Siang ini, tertanggal 9 Januari
2014...akhirnya blogging lagi...fiiuuhh...baru pulang dari kampus disodori artkel dari Kaskus mengenai acara TV
yang selama ini kurang bermutu...seperti yang disebutkan dalam sumber http://www.kaskus.co.id/thread/52c66f7f0e8b46e8660000ca
(Renungan Buat Semua Penonton TV di Indonesia: "Lets Move It!" by
@Pandji) disana dijelaskan bahwa, pihak televisi juga tidak mau
disalahkan...mereka hanya mengikuti animo masyarakat...
Terlepas dari artikel, pihak
televisi memang demikian...mengapa, sebab mereka adalahpenyedia jasa
media...klo gag ditonton? Rugi donk pastinya...“maunya acara apa sih?” dan yang
kita lihat sekarang, well...komedian yang gag jelas n gag ada nilainya plus
sinetron-sineton yang isinya jatuh cinta, dendam, iri, dan bagaimana cara menghancurkan
seseorang... itulah wajah-wajah di negeri Surga ini...tak dapat dipungkiri...
Dalam artikel tersebut, ada yang
mengatakan... “masyarakat belum cerdas untuk memilih program televisi”... ya
emang, itulah kenyataannya...gimana mau intelektual maju, lha wong buat makan
aja susah...mereka (masyarakat menengah ke bawah) masih belum bisa mikir
sekolah apalagi kuliah...lha buat makan sehari-hari aja susah banget...trus
pasti timbul pertanyaan lain, “kenapa mereka bisa beli barang-barang mewah?”
jawabannya adalah, “hanya barang-barang itu yang bisa dilihat nyata...buat
hiburan” gag percaya? Silahkan tanyakan saja...
Lha terus, kenapa kok kita-kita
buktinya bisa nonton acara yang berkualitas?
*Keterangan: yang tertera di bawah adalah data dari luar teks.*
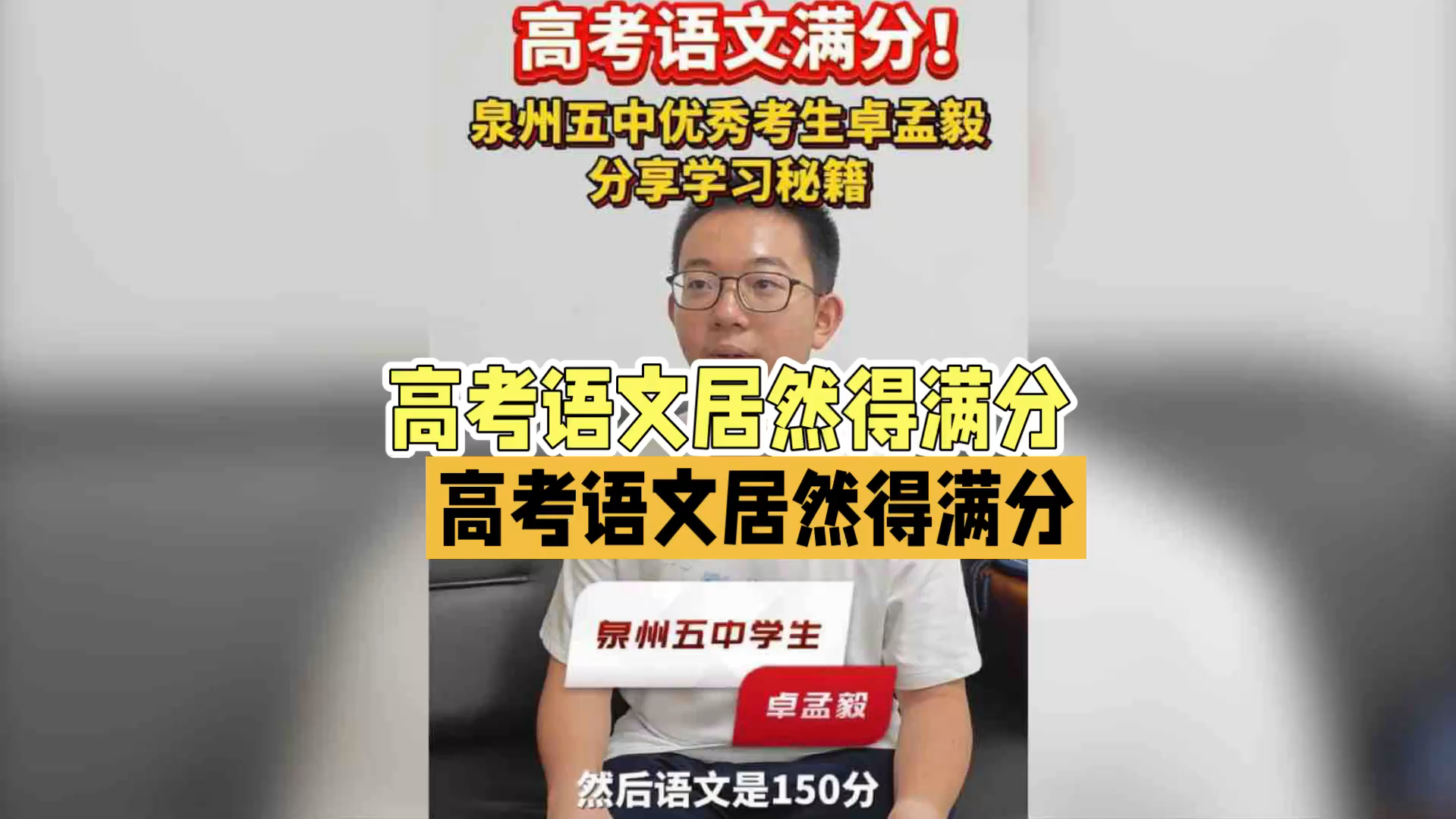 泉州学霸卓孟毅:高考总分678,语文150满分震惊全网哔哩哔哩bilibili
Jawabnya simple “ya karena kita
sudah merasakan bangku pendidikan...sehingga kita paham, mana yang baik mana
yang tidak” hayooo, iya apa iya???
Trus mau menanggapi ini niihhh...
Demo...entah kupingku rasanya
panas banget klo ada orang yang menyalahkan demo...aku juga pernah demo...lumayan
sering...panas..capek...dan aku paling gag suka orang yang semena-mena menyalahkan
orang demo...ya emang postingan diatas tidak ada kata-kata menyalahkan
pendemo...tapi ini juga yang sering terjadi...banyak orang memandang sebelah
aktivitas demo... apakah kalian menyalahkan pendemo sudah melihat dari berbagai
sudut pandang? Kalau aku yaa, demo itu gag ngawur...ada isu...kajian isu dengan
mengundang berbagai narasumber...kemudian advokasi...biasanya dalam advokasi
kita beri tenggang waktu...sampai batas tenggang waktu, tak ada respon...kita
advokasi kembali...tak ada respon?!? Mau nunggu sampai berapa lama? Ya barulah
kita demo... masalah anarkis? Ada berbagai faktor juga lhoo... bisa jadi karena
tak ada tanggapan dan kita dipicu...(hayooo, yang pernah demo dulu kuliah..iya
apa gag ini?) tapi masih mending kami yang demo itu nyata tindakannya, daripada
yang hanya cuap-cuap memprovokasi dan menyalahkan...kalaupun demo kita ada
hasilnya, menguntungkan banyak pihak bukan???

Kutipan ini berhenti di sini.